What is blended learning?
The concept blended learning involves a mixture of digital learning and face-to-face teaching. It is also referred to as "flipping the classroom" or "inverted teaching."
How does it work?
Blended learning aims to disrupt the "one-size-fits-all" educational model by integrating different online and offline techniques to come up with a tailored "blend".
It puts emphasis on web-based instructions to enhance face-to-face and adaptive learning. In other words, it doesn't just mean surfing the internet to do extra research outside of classroom hours. As previously discussed here on the IACT blog, adaptive learning is meant to orchestrate the interaction between the learner and the tailored resources to address each student's needs.
Another misconception about blended learning is only implemented online. While it doesn’t need to happen on campus, face-to-face sessions are held at an instructor-led location from time to time.
Ultimately, blended learning ensures that online and offline elements work together for an enhanced experience, instead of duplicating course content across a variety of formats.
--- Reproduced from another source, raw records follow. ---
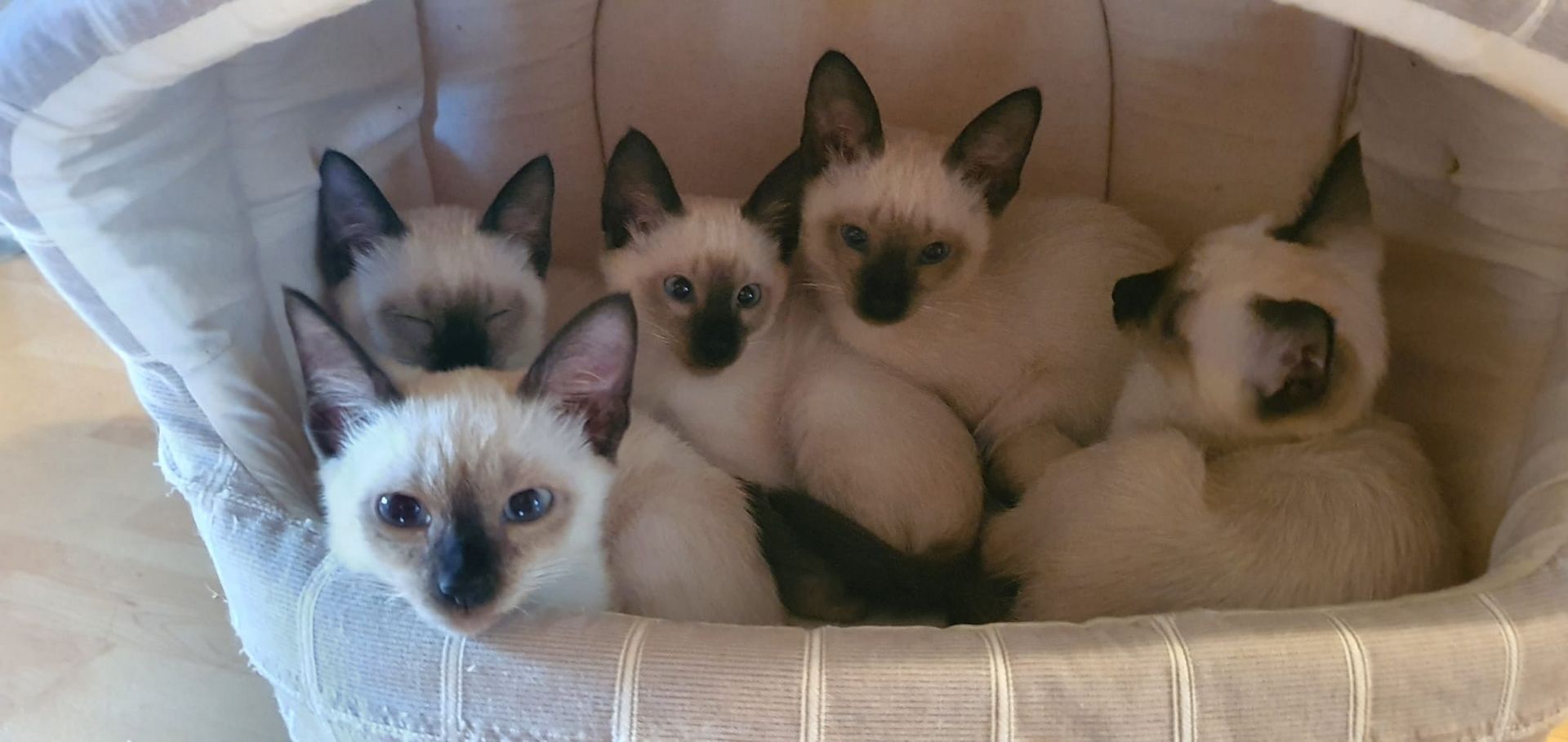 Süße Siams - Kitten mit 5 Monaten abzugeben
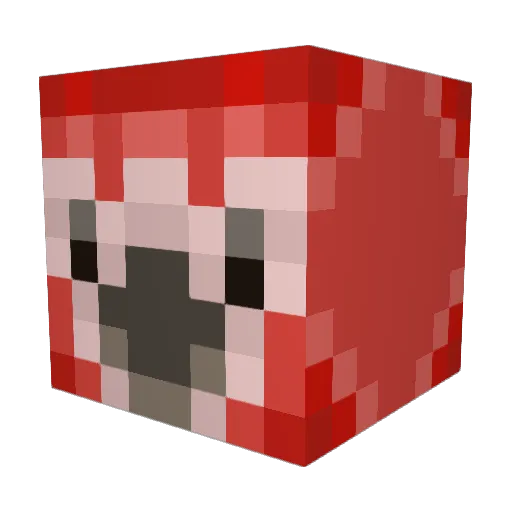 Nelson2302 Minecraft avatar head, 3D render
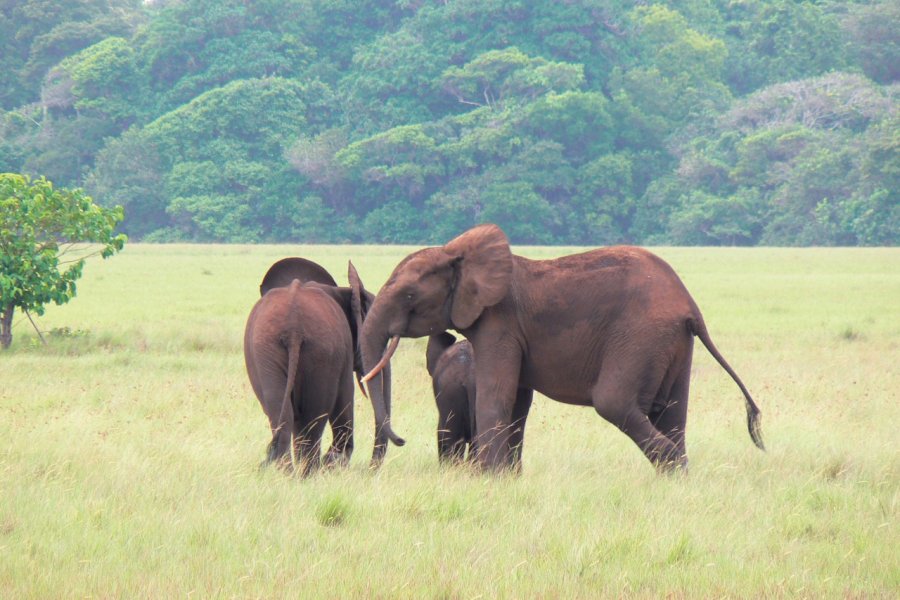 Éléphants du parc national de Loango. (© Bernadette VOISIN))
Some of the benefits include:
- Personalized training: Often, employees have to sit through hours of training just to wait for a short segment that is targeted at them. With blended learning, they can go directly to activities that cater to their needs and objectives.
- Flexible access to resources: Because blended learning eliminates distance and time constraints, it means that employees can continue their training at their own pace, and convenience. Outside of that, they can align their free time with that of their trainers and other employees.
- Trackable employee performance: Blended learning modules come with their own grading rubrics and personalized feedback systems that are more accurate than the traditional grading cookie-cutter approach.
- Cost-effective: A survey published on Training Mag reveals that employee training accounts for a significant amount of most companies annual budgets. The challenge lies in creating a strategy that is both smart and cost-effective, which blended learning can provide. As more online options are incorporated, it saves on logistics budgets and improves productivity.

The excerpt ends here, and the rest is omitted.